[Stored records]
================

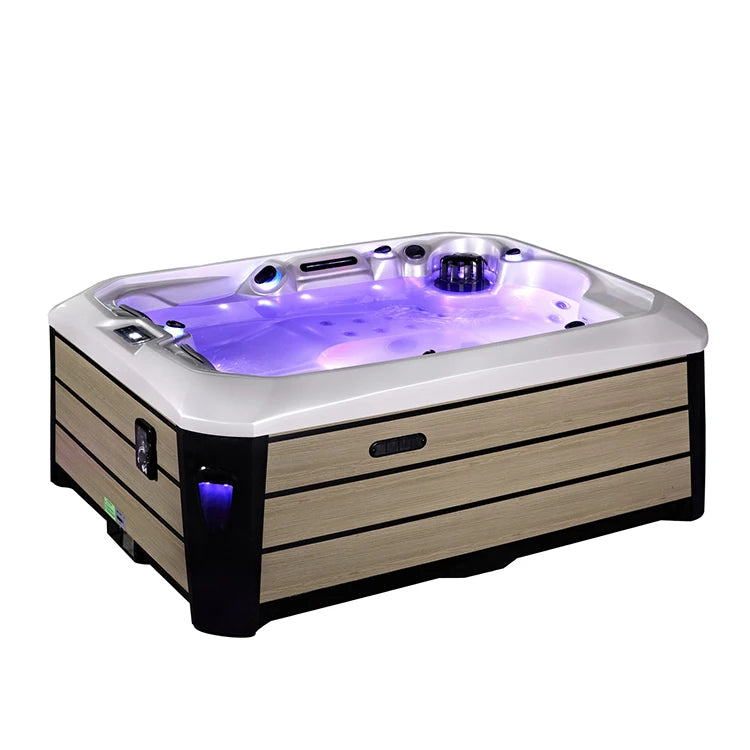 Sunrans Balboa Modern Freestanding Outdoor Spa De Nage Hot Tub Whirlpool Bathtub Massage Function Drainer Bathroom Swim Hot Tub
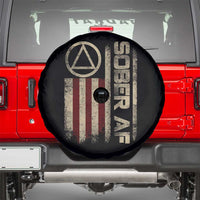 Sober AF Spare Tire Cover Alcoholism Addiction Recovery Rehabilitation Vintage American Flag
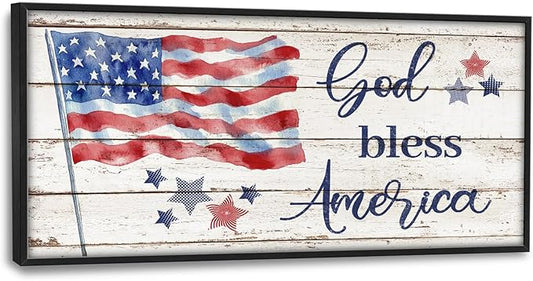 Lovira God Bless America Sign Large Wall Art American Flag USA Canvas Wall Decor Patriotic Pictures Prints Painting Framed Modern Home Artwork for Living Room Bedroom Bathroom 30"x60"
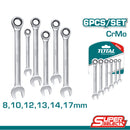 Llaves inglesas con Ratchet Size:8-17mm 8mm,10mm,12mm,13mm,14mm,17mm. CR-V. 6 piezas.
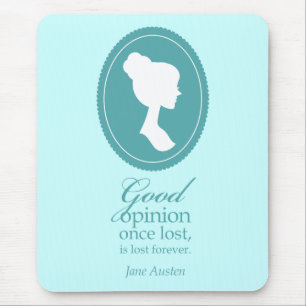 Blue Jane Austen Good Opinion Lost Quote Gift Mouse Mat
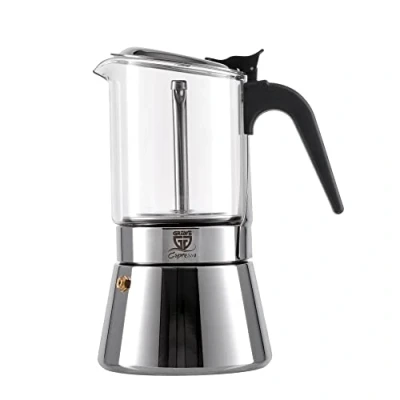 Imagen de GRÄWE Cafetera de acero inoxidable con jarra cristal, apta para inducción y todo tipo fuegos, lavavajillas, 9 tazas, 360 ml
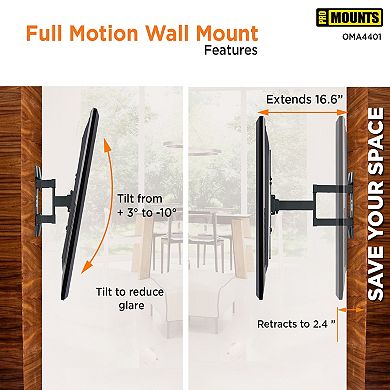 ProMounts Full Motion TV Wall Mount for TVs 23" - 60" Up to 88 lbs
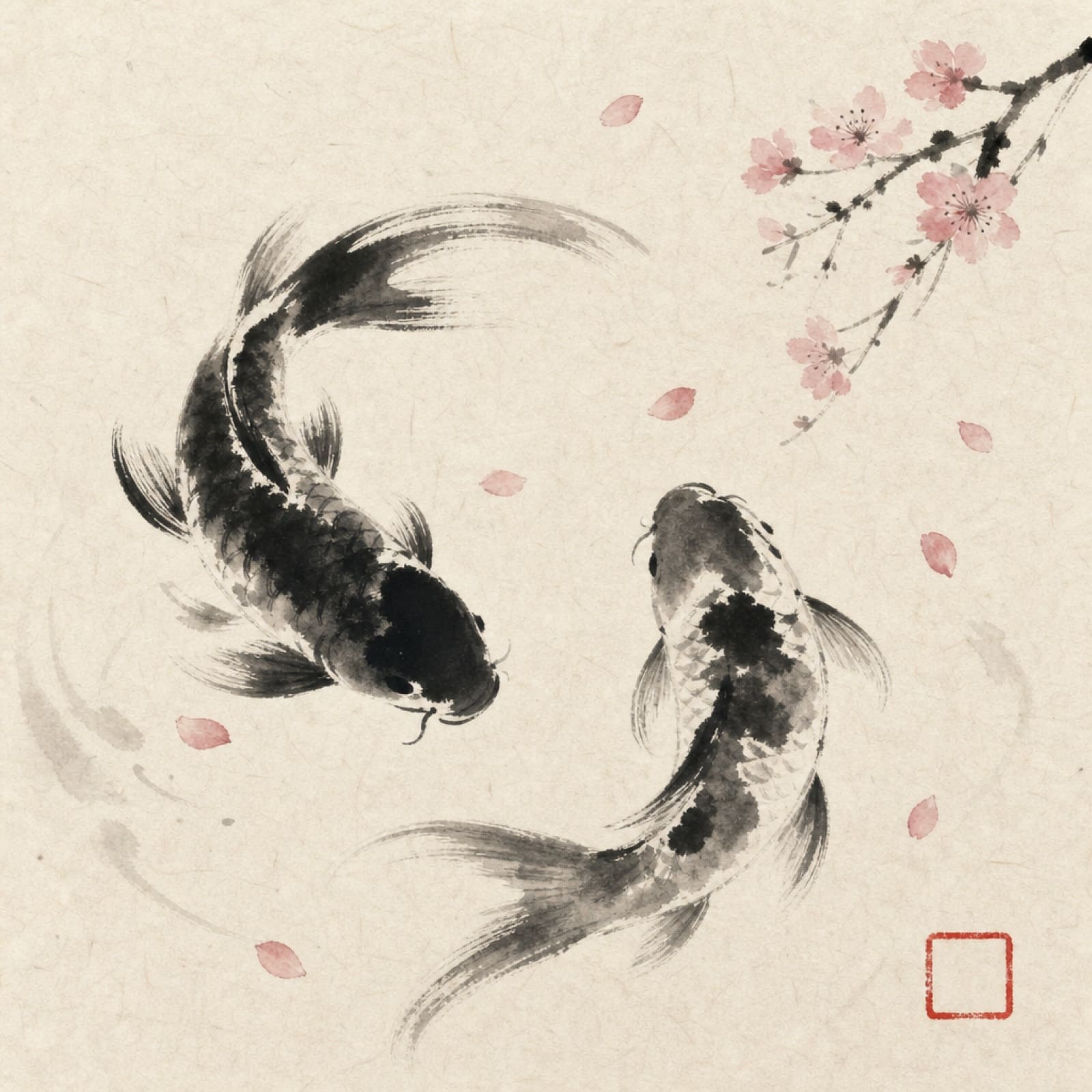 Sumi-e mürekkep tekniğiyle çizilmiş iki koi balığı — Sora Japanese Dining marka illüstrasyonu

================

(Required action) Set out, exactly as given, the line that contains "Sober AF Spare" along with each line after it through the end of the records above; omit the pictures.

(Solution for this problem)
 Sober AF Spare Tire Cover Alcoholism Addiction Recovery Rehabilitation Vintage American Flag
 Lovira God Bless America Sign Large Wall Art American Flag USA Canvas Wall Decor Patriotic Pictures Prints Painting Framed Modern Home Artwork for Living Room Bedroom Bathroom 30"x60"
 Llaves inglesas con Ratchet Size:8-17mm 8mm,10mm,12mm,13mm,14mm,17mm. CR-V. 6 piezas.
 Blue Jane Austen Good Opinion Lost Quote Gift Mouse Mat
 Imagen de GRÄWE Cafetera de acero inoxidable con jarra cristal, apta para inducción y todo tipo fuegos, lavavajillas, 9 tazas, 360 ml
 ProMounts Full Motion TV Wall Mount for TVs 23" - 60" Up to 88 lbs
 Sumi-e mürekkep tekniğiyle çizilmiş iki koi balığı — Sora Japanese Dining marka illüstrasyonu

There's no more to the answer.